O diagnóstico é feito por procedimento de exclusão. Os instrumentos de diagnóstico incluem a medição de patogénicos nas fezes (diagnóstico microbiano e virológico com foco nos turnos relacionados com a inflamação; ovos de vermes), ileocolonoscopia com biópsias por passos, esofagogastroduodenoscopia com biópsias duodenais, e testes de respiração de lactose, frutose e sorbitol H2. Os diagnósticos laboratoriais avançados incluem electrólitos séricos, valores de retenção renal, enzimas hepáticas e pancreáticas, TSH, glucose no sangue/HbA1c, anticorpos celíacos (transglutaminase-AK) e calprotectina A nas fezes.
Regulação através da nutrição
A etiopatogenia da SII é complexa e varia de indivíduo para indivíduo. Consequentemente, existem muitas abordagens terapêuticas que são predominantemente orientadas para o tratamento do sintoma principal. Estas incluem medidas farmacológicas (por exemplo, laxantes, espasmolíticos, antidepressivos, loperamida), fitoterapia, psico-higiene e exercício, bem como dieta [6].
A nutrição, em particular, desempenha um papel importante na regulação da SII (Fig. 1). Vários estudos demonstraram que os pacientes com SII reagem a diferentes alimentos. As mulheres tendem a sofrer mais frequentemente de reacções de intolerância do que os homens, o que pode ser explicado pela maior densidade de mastócitos nas mulheres. Contudo, as reacções de intolerância ocorrem independentemente do sexo, tipo de SII, ansiedade ou local de tratamento (hospital vs. ambulatório) [7].
A tolerabilidade da fibra alimentar tem sido bem estudada. É essencial consumir fibras dietéticas solúveis em vez de insolúveis, uma vez que estas últimas podem mesmo agravar os sintomas: A hemicelulose, por exemplo (contida no trigo e no centeio), resulta no aumento da produção de gás. “O paciente tem queixas mais graves do que antes e é mesmo incomodado com outras modulações dietéticas ao longo do tempo”, adverte o Professor Zopf.

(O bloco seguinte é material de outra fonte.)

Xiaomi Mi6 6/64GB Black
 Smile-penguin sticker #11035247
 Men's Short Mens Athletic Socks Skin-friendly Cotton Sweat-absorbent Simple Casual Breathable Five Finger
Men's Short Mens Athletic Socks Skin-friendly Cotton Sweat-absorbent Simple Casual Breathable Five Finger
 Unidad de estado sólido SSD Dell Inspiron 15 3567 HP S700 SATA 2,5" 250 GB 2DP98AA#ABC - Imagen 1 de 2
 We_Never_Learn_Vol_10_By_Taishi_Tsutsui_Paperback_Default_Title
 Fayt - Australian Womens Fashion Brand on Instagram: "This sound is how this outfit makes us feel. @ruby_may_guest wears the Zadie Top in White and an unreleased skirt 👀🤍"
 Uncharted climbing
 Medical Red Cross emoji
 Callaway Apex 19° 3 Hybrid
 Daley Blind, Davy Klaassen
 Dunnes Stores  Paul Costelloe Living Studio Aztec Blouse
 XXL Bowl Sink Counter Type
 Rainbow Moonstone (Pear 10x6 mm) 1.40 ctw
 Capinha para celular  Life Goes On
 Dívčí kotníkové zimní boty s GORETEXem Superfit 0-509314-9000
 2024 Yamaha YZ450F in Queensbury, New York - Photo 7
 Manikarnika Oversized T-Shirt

Foi também confirmado que as alergias e intolerâncias são mais prevalentes nos doentes com SII [8]. Embora apenas as alergias induzidas por IgE possam ser detectadas de forma diagnóstica, os pacientes com aumento da triptase, histamina e actividade dos mastócitos no intestino têm um risco mais elevado de reacções imunológicas.
A dieta sem glúten também ajuda os doentes com SII
Uma proteína em particular é frequentemente o foco de interesse: o glúten. Aqui é importante diferenciar quem realmente não pode tolerar o glúten – porque uma dieta pobre em glúten não é automaticamente mais saudável para todos.
Uma dieta para toda a vida sem glúten é a base do tratamento da doença celíaca. Os doentes com intolerância ao glúten/ trigo também beneficiam de uma dieta adaptada, embora não seja recomendada para indivíduos saudáveis, uma vez que, de acordo com os estudos actuais, não existe benefício clínico para indivíduos saudáveis.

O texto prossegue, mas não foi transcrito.